Possierliche Maschinen

Den Geist, die Stimmung, den Willen steuern in „Lento e Largo“ anscheinend die possierlichen Maschinen bei. So begrüßt nach dem rituellen Anfangstanz der putzig herumwuselnde und mechanisch knirschende Roboter das Publikum und lädt es ein, die Performance zu genießen. Später stellt er unzählige Fragen, die nur mit Ja oder Nein von den Anwesenden zu beantworten sind. Und die sirrenden Drohnen kreisen in der Dunkelheit über den am Boden Liegenden und intensivieren deren ekstatische Zuckungen.

Aber wer hat hier eigentlich das Sagen?
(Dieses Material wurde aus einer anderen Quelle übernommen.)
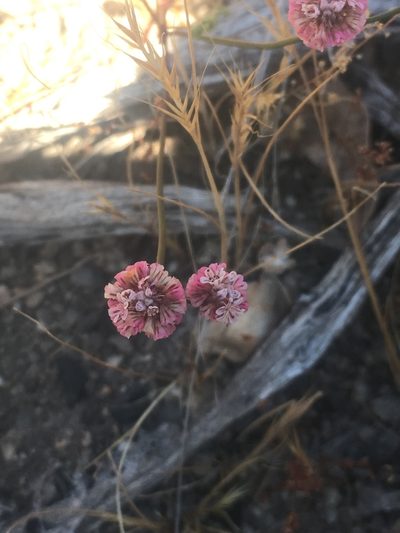 Eriogonum nortonii, photographed by Pinnacles National Park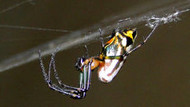 Aranhas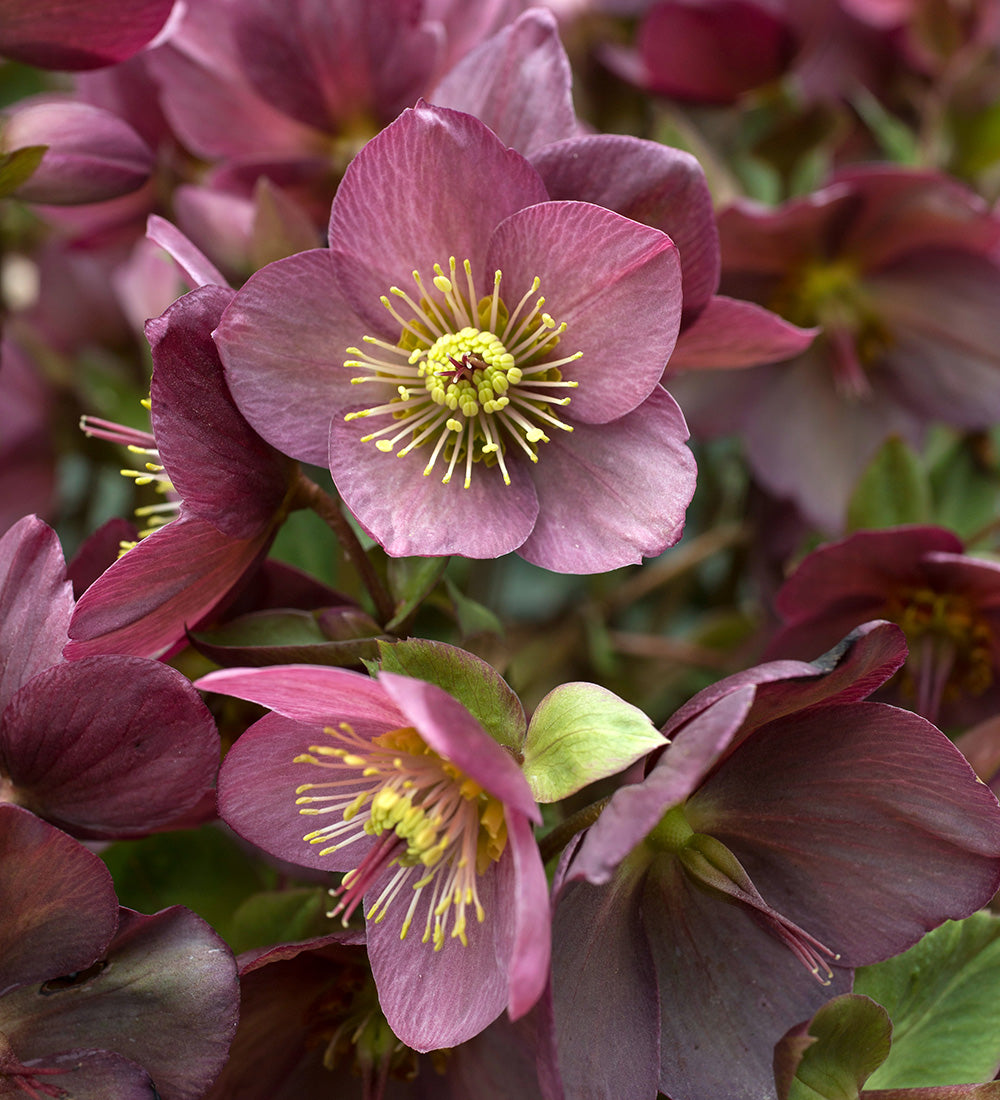 Helleborus x glandorfensis 'Ice N' Roses Rose'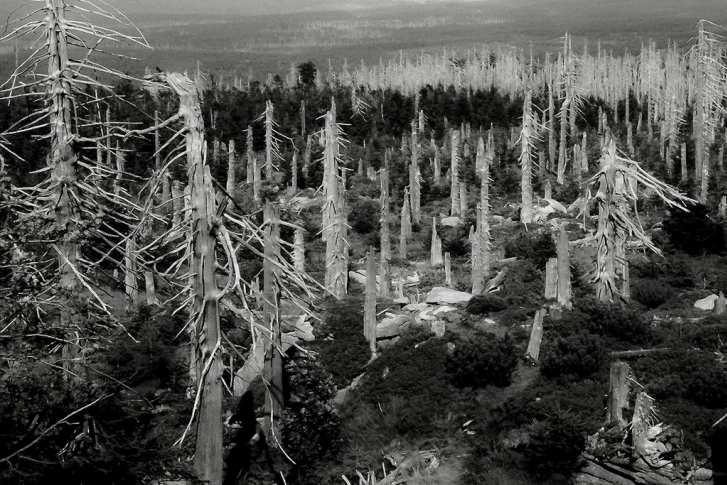 Baeume und Waelder_ATELIER HP SPEIDEL_3.jpg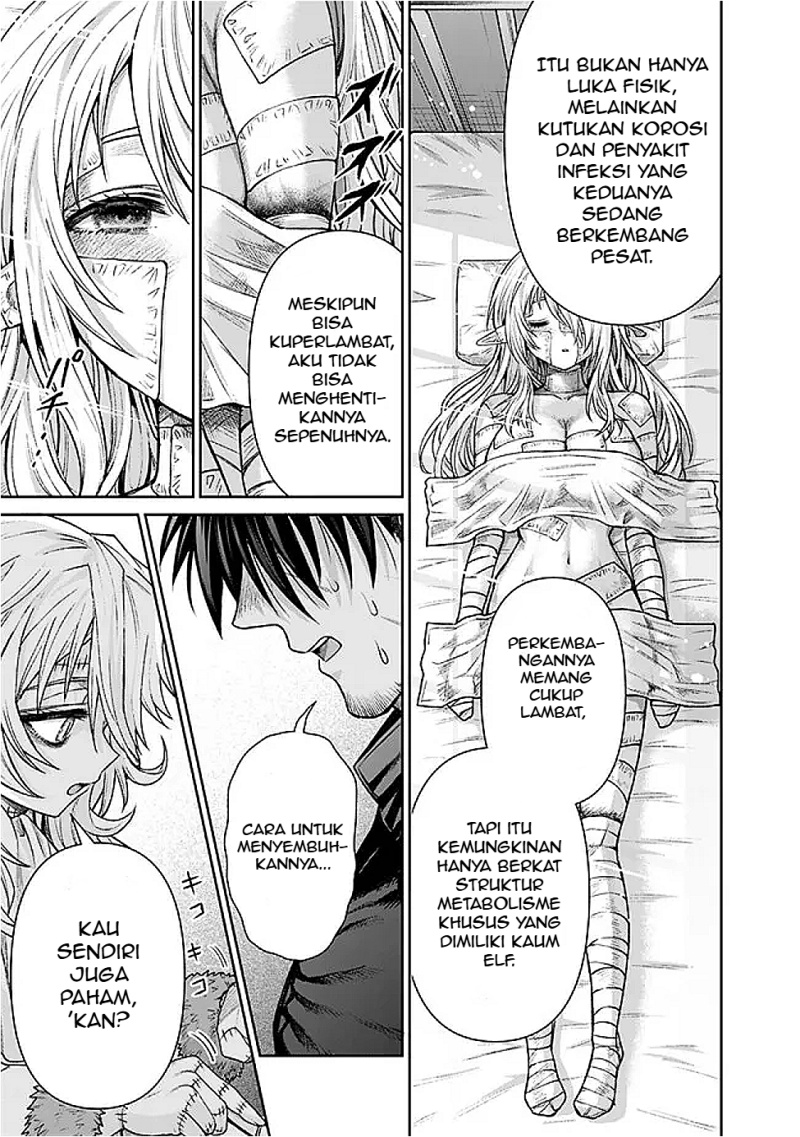 Boroboro no Elf-san wo Shiawase ni Suru Kusuriuri-san chapter 11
Die verzerrte hohe Computer-Babystimme oder Mutter Natur? Klasse an „Lento e Largo“ ist, dass es nicht dystopisch wirkt. Einzige Ausnahme ist die scheinbare Empathielosigkeit der Performer beim Sterben eines von ihnen.

Doch auch hier täuscht man sich. Der einsetzende chorische Gesang hat viel mehr Seele als so manche menschliche Trauerfeier. Überhaupt die Tonspur! Auch sie ist ein Beleg dafür, wie vielschichtig synthetisierend Lopes und Lander gearbeitet haben: Vom Requiem György Ligetis über Bachs Toccata und Fuge in d-Moll bis hin zu „Worker’s union“ von Louis Andriessen waltet eine thematische und stilistische Vielfalt, wie sie nur natürliche Intelligenz – also Menschen – hervorbringen können. In diesem Sinne ist das Stück eine wunderbare Utopie, die nicht vordergründig einem „Zurück zur Natur“ huldigt, sondern zu einer humorvollen und skurrilen Reise zu unserem ungemein vielschichtigen Wesen einlädt, dessen technische Intelligenz nur ein kleiner Teil vom Ganzen ist.